What to work on => Print the lines from the one containing "บะหมี่ตันตันเฉิงตู — บะหมี่คลุกซอสพริกแดง" through the end of the material below, both included, exactly as they appear and without pictures.

Provided material =>
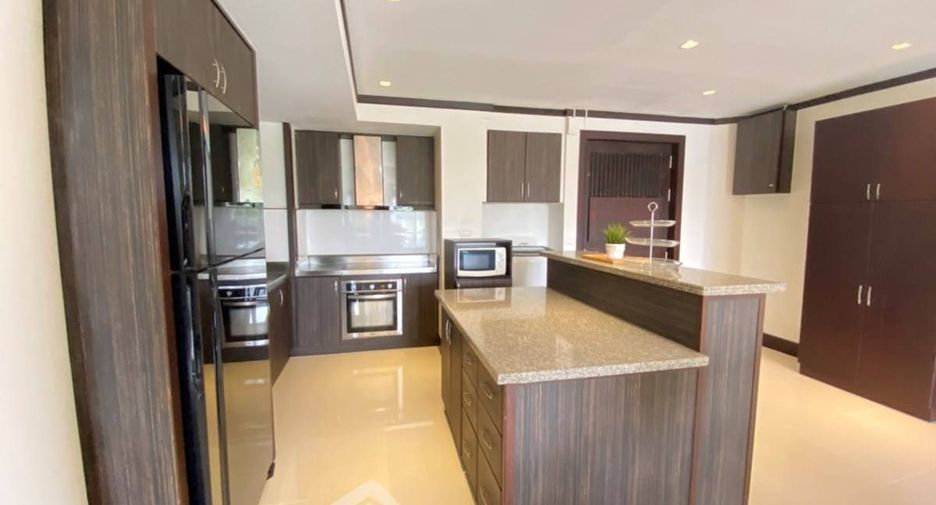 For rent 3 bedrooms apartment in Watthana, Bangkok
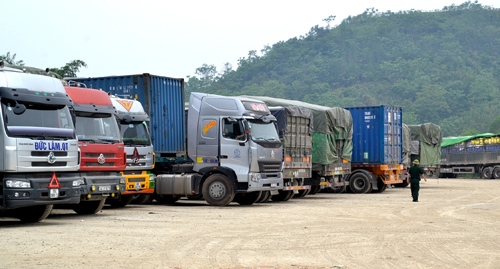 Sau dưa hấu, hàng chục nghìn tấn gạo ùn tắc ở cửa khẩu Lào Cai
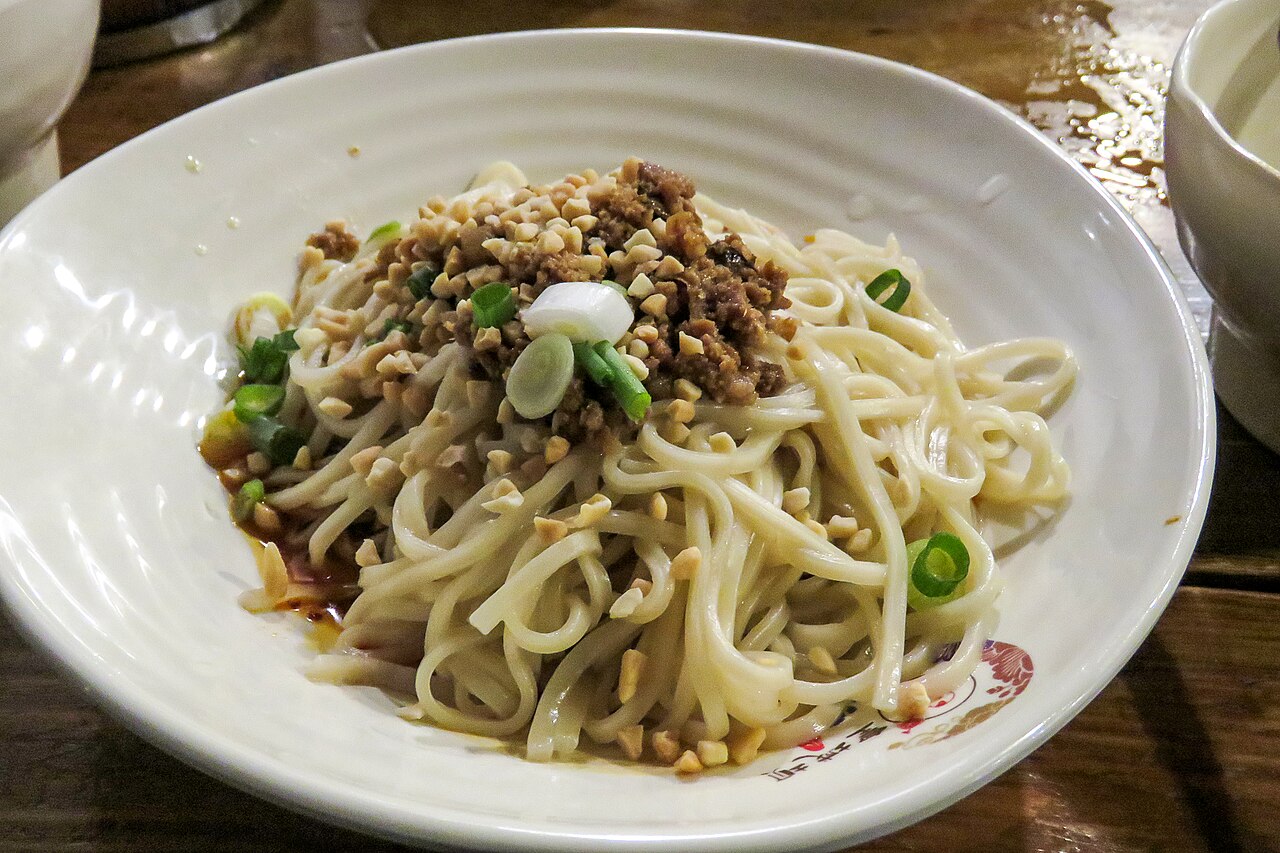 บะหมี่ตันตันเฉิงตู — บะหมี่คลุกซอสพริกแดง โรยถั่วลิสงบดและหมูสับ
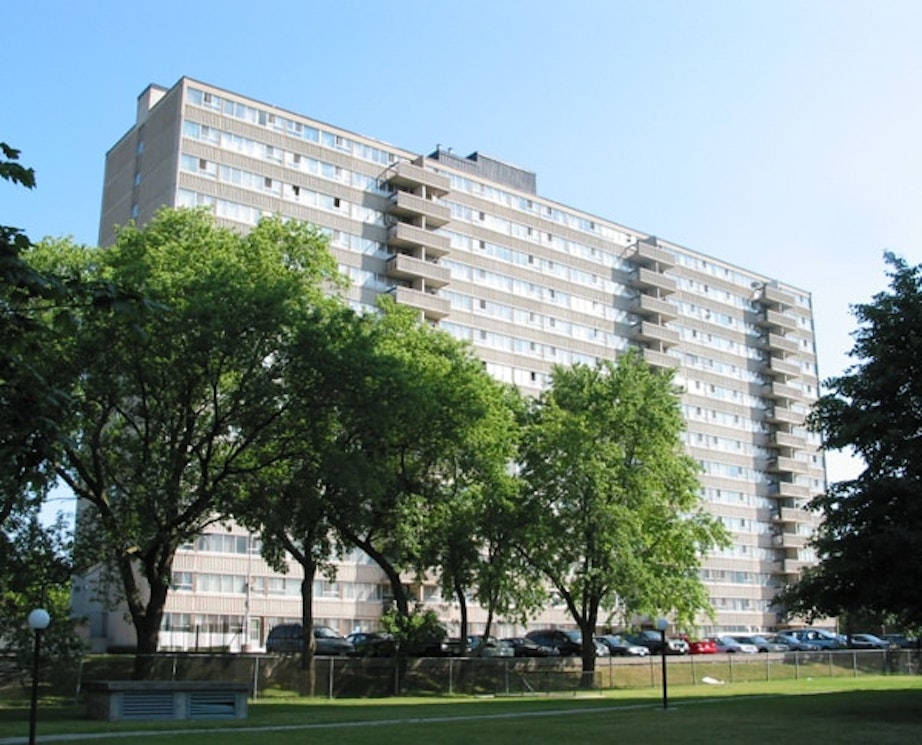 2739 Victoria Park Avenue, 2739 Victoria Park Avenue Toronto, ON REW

Response =>
 บะหมี่ตันตันเฉิงตู — บะหมี่คลุกซอสพริกแดง โรยถั่วลิสงบดและหมูสับ
 2739 Victoria Park Avenue, 2739 Victoria Park Avenue Toronto, ON REW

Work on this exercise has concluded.